To provision a Managed Training on reserved clusters environment, you must first define its complete configuration in a JSON file. This file acts as the blueprint for your cluster, specifying everything from its name and network settings to the hardware for its login and worker nodes.
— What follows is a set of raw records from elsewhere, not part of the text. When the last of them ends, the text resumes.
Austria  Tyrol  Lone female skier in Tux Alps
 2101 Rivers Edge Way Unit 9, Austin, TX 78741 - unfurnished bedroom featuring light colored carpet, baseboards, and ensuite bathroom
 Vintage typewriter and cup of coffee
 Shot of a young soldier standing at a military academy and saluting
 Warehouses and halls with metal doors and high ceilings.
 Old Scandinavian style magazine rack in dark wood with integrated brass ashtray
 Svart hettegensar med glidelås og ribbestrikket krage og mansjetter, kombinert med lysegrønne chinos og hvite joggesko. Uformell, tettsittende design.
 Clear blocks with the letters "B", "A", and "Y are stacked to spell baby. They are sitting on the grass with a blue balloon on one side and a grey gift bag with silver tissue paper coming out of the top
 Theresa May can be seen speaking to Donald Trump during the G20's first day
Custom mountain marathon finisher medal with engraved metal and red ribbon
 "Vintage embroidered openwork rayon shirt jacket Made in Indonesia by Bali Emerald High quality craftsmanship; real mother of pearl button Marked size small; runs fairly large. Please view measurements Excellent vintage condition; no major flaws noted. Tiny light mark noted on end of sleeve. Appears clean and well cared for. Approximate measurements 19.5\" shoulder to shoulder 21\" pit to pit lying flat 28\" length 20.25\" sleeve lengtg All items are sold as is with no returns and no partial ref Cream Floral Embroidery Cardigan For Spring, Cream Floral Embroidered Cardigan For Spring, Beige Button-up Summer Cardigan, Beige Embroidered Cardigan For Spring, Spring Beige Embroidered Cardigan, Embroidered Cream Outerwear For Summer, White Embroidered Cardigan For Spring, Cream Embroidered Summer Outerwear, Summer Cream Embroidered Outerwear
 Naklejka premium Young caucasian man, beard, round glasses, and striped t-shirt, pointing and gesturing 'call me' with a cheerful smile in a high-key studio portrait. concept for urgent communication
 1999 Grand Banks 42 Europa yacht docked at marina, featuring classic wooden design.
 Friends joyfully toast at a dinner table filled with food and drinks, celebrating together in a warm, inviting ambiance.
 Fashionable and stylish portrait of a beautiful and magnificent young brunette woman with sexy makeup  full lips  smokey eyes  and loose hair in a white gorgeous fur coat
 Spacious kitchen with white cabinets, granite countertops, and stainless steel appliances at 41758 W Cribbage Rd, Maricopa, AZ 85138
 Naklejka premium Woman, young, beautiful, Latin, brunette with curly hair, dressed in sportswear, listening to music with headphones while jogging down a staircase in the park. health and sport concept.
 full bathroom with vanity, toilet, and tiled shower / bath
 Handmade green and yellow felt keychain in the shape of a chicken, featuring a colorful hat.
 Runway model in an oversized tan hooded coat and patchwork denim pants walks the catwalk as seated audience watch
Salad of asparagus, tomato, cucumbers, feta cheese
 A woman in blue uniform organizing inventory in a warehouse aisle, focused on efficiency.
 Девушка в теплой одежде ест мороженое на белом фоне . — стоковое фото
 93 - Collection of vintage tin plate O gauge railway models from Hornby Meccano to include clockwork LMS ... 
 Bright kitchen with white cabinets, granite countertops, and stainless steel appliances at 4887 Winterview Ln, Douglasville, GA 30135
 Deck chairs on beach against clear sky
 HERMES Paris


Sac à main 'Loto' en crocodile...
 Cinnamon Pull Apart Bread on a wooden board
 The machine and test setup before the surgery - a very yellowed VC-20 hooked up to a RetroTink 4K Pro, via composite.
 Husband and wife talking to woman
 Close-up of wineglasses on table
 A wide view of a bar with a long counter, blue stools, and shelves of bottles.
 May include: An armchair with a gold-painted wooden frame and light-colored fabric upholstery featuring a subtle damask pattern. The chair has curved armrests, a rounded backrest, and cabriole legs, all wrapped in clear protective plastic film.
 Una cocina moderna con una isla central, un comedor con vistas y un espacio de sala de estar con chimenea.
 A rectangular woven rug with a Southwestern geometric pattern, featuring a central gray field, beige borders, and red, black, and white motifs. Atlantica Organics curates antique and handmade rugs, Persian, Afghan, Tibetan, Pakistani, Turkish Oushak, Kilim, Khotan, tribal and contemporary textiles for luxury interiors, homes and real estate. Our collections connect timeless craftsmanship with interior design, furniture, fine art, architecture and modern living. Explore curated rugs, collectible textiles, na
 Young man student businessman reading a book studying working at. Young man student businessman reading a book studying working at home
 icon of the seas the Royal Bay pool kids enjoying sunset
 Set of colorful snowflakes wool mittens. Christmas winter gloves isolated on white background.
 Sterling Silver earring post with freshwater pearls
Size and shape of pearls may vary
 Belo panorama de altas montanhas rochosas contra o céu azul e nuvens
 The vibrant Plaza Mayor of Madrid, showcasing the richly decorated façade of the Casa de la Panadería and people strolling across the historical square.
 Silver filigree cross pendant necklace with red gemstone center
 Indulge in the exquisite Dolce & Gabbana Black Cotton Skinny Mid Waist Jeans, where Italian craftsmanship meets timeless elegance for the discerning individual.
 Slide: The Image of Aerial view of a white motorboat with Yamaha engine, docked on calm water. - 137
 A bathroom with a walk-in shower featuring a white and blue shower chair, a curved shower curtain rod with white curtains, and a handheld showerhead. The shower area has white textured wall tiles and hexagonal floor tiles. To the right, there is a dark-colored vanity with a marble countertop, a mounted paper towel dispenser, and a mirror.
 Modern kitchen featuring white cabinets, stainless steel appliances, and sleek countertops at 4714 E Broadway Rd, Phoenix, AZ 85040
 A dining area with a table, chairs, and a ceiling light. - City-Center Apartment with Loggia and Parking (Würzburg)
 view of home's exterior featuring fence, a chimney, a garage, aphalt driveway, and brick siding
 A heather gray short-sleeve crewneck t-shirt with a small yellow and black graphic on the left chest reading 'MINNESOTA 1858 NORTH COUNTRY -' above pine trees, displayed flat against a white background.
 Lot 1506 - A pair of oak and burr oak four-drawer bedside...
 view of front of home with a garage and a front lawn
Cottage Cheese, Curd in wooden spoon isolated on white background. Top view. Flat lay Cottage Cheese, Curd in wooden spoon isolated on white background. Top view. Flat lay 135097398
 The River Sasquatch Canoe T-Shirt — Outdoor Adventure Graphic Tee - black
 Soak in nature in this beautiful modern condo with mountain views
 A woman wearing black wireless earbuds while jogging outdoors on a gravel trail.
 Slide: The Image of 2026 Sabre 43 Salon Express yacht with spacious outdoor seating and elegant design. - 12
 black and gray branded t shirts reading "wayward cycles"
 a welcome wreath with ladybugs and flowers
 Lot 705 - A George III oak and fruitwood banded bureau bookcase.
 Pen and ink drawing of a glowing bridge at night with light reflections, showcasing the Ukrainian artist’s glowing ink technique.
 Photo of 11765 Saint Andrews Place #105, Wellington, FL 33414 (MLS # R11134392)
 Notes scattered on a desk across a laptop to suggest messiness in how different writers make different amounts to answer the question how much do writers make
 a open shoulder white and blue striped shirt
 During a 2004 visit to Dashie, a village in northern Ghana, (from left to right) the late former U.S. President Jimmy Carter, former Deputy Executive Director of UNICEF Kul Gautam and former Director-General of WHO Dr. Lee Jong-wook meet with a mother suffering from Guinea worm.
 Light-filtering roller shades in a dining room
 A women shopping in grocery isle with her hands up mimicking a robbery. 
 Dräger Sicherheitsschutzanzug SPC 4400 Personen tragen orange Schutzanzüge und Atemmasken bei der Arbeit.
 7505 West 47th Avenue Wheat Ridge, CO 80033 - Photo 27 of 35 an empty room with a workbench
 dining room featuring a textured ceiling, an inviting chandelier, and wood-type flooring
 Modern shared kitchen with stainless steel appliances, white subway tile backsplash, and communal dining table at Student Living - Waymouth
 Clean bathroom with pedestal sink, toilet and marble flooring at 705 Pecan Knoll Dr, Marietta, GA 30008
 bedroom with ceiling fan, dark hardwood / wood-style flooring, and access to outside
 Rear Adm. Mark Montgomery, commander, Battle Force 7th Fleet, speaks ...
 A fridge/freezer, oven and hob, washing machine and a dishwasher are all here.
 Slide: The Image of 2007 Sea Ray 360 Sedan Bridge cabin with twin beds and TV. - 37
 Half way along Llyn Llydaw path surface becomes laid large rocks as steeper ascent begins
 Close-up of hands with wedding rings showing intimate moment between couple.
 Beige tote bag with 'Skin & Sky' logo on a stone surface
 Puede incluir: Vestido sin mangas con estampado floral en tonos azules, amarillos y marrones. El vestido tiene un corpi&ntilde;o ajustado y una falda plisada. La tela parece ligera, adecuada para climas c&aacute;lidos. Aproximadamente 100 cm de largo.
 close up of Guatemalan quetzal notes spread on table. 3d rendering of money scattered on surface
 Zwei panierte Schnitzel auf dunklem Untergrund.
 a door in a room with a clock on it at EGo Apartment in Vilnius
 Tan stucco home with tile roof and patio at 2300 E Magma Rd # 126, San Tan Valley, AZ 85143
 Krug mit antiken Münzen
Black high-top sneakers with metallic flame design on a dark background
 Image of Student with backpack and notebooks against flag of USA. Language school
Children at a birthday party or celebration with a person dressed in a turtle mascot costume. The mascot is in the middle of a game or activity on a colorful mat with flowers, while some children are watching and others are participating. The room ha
For a list of parameters, see Parameter reference.

{
"display_name":"DISPLAY_NAME",
"network":{
"network":"projects/PROJECT_ID/global/networks/NETWORK",
"subnetwork":"projects/PROJECT_ID/regions/REGION/subnetworks/SUBNETWORK"
},
"node_pools":[
{
"id":"cpu",
"machine_spec":{
"machine_type":"n2-standard-8"
},
"scaling_spec":{
"min_node_count":MIN_NODE_COUNT,
"max_node_count":MAX_NODE_COUNT
},
"zone":"ZONE",
"enable_public_ips":true,
"boot_disk":{
"boot_disk_type":"pd-standard",
"boot_disk_size_gb":120
}
},
{
"id":"login",
"machine_spec":{
"machine_type":"n2-standard-8",
}
"scaling_spec":{
"min_node_count":MIN_NODE_COUNT,
"max_node_count":MAX_NODE_COUNT
},
"zone":"ZONE",
"enable_public_ips":true,
"boot_disk":{
"boot_disk_type":"pd-standard",
"boot_disk_size_gb":120
}
},
],
"orchestrator_spec":{
"slurm_spec":{
"home_directory_storage":"projects/PROJECT_ID/locations/ZONE/instances/FILESTORE",
"partitions":[
{
"id":"cpu",
"node_pool_ids":[
"cpu"
]
}
],
"login_node_pool_id":"login"
}
}
}

CPU with advanced Slurm config

This example demonstrates how to customize the Slurm orchestrator with advanced parameters. Use this template if you need fine-grained control over job scheduling behavior, such as setting multifactor priority weights, configuring job preemption, and running prolog and epilog scripts for automated job setup and cleanup.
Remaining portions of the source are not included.